Georg Lukács on Irrationalism & Nazism:
The Unity of Cynicism & Credulity

Just as Hitler came to political and military grief not through individual—and hence avoidable—errors of judgement, so irrationalism as a world-outlook received a corresponding practical form in Hitlerism, and it perished in a similarly appropriate form. In revealing the nihilistic cynicism of Hitler and his henchmen and in showing that they did not themselves believe in the doctrine they demagogically proclaimed—thereby translating it into practice—, our studies do not refute these facts of the matter; on the contrary they confirm them. For it is just here that we find the perfect expression of that dialectical unity of cynical nihilism and speculative, uncritical credulity and frivolous superstition which every irrationalism contains implicitly and which simply acquired a matching figure in Hitler.
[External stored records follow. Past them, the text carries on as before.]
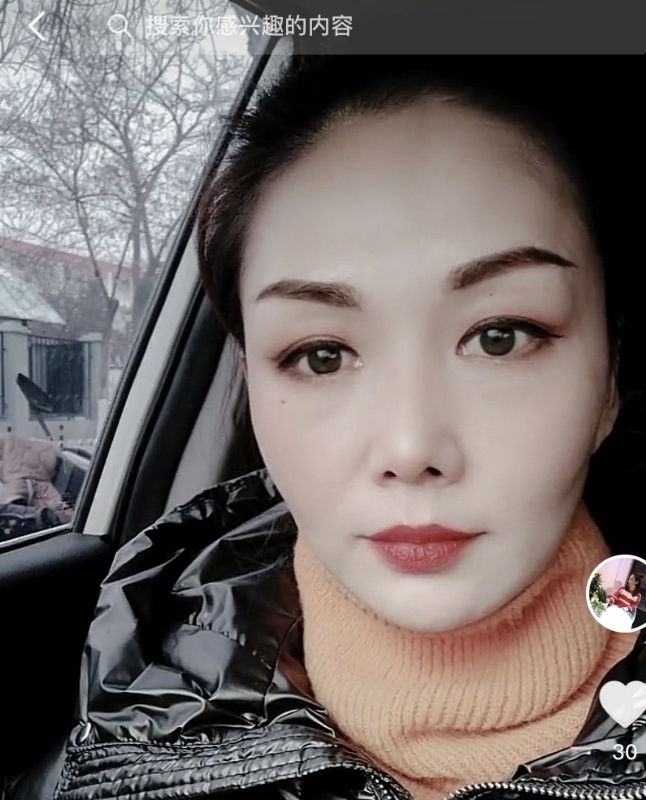 蔷薇的第一张照片--南昌相亲服务中心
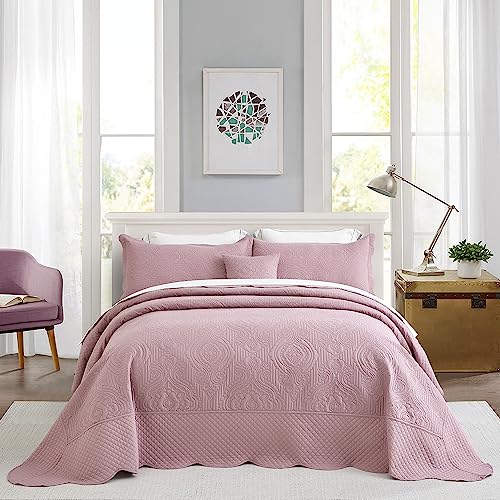 Image of HZ & HY Oversized King Bedspread, Embossed Damask Quilt Set King /Cal King, Lightweight Reversible Coverlet, Scalloped Edge - Soft Romantic Look, 5 Piece, Mauve Shadows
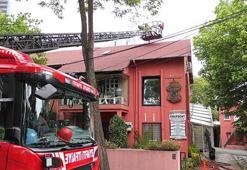 Beşiktaş'ta dişçi olarak kullanılan binanın çatısında yangın!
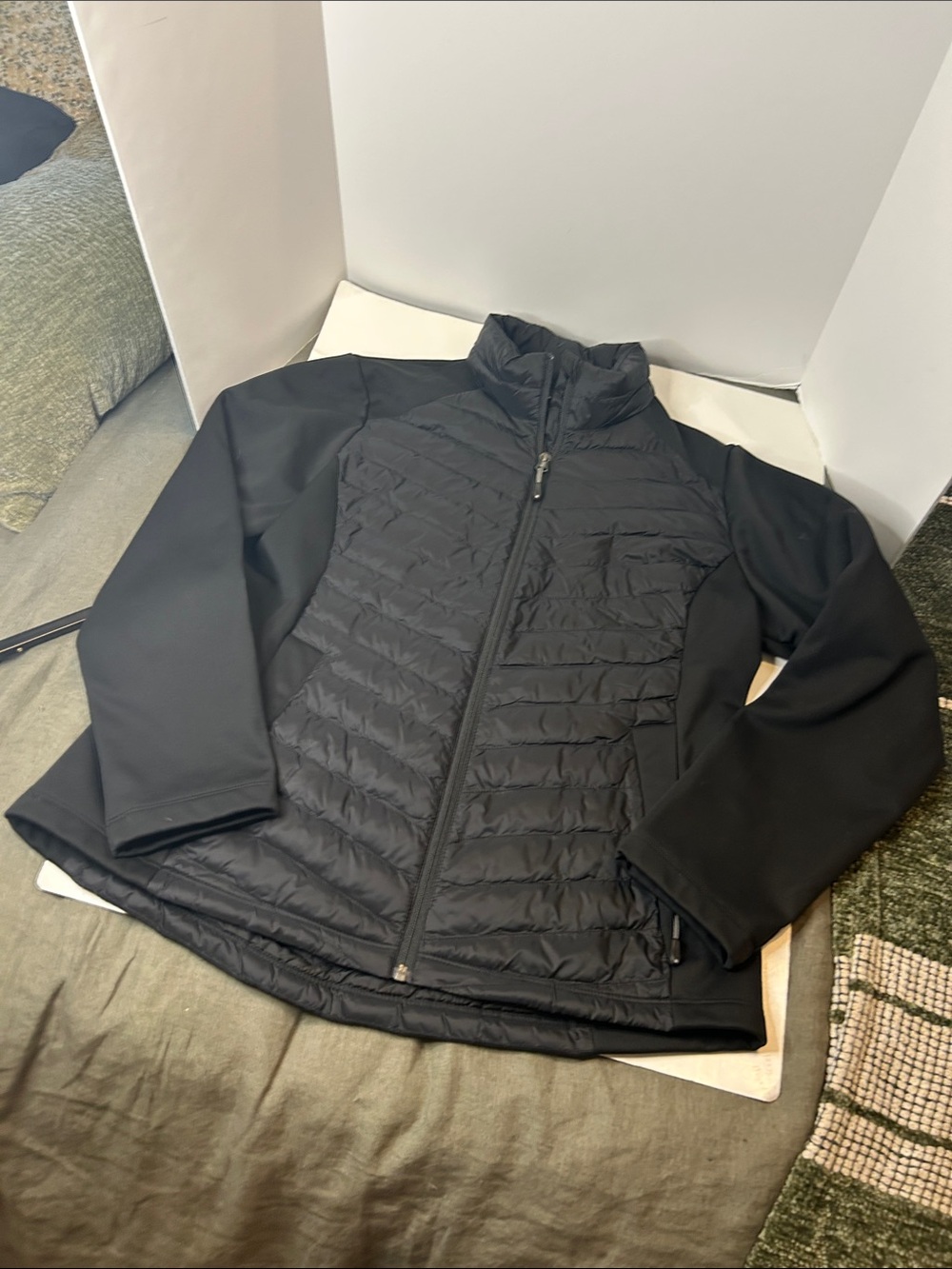 Women’s Black Quilted Hybrid Jacket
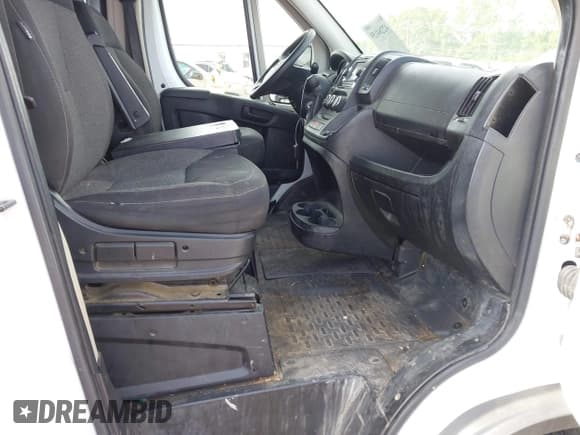 ✅ 2014 Ram ProMaster Cargo • VIN: 3C6TRVAG5EE106879 • Lot: 42264159. Wystawiony na IAAI z przebiegiem 63 447 mil. Bezpłatny archiwum sprzedaży aukcyjnych z USA i szczegółowy raport historii pojazdu na DreamBid. Zdjęcie 5.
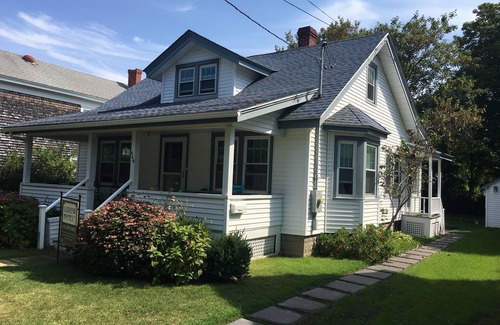 Pipes Cove House | WALK TO TOWN, BEACH, JITNEY, & FISHING-No Car Necessary!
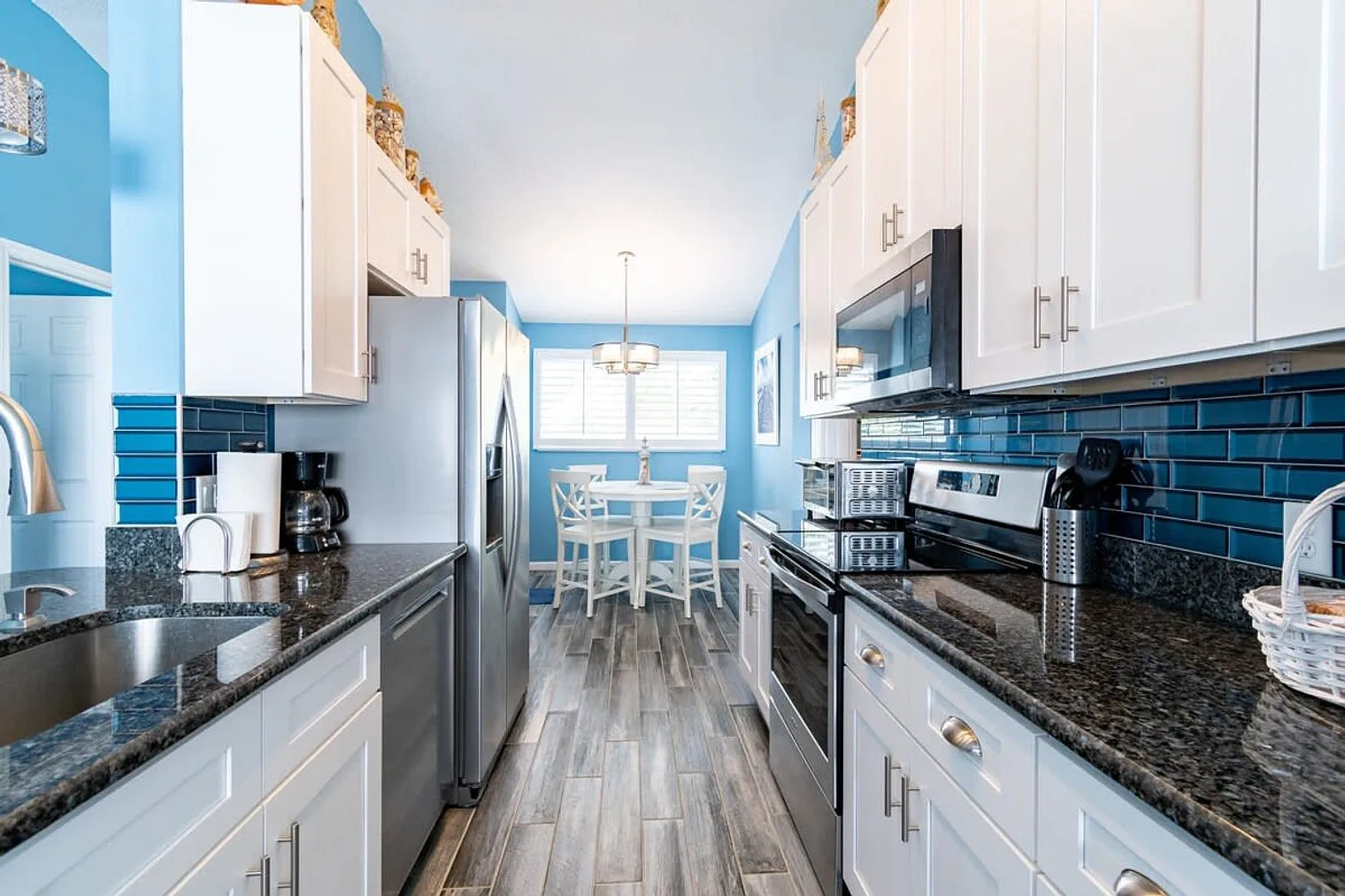 2 bed, 2.0 bath, $3,090 — Photo 2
We underestimate the historical significance of the German destiny (embracing that of the destiny of irrational philosophy) if, in assessing Hitler, we put the accent solely on his low intellectual and moral standards. In itself, to be sure, such an assessment is correct. But it was again historical necessity which caused the lowering of standards. It is a steep descent from Schelling and Schopenhauer—via Nietzsche, Dilthey, Spengler, etc.—to Hitler and Rosenberg. But in its very steepness, it sufficiently expresses the character of irrationalism and the necessity of its development.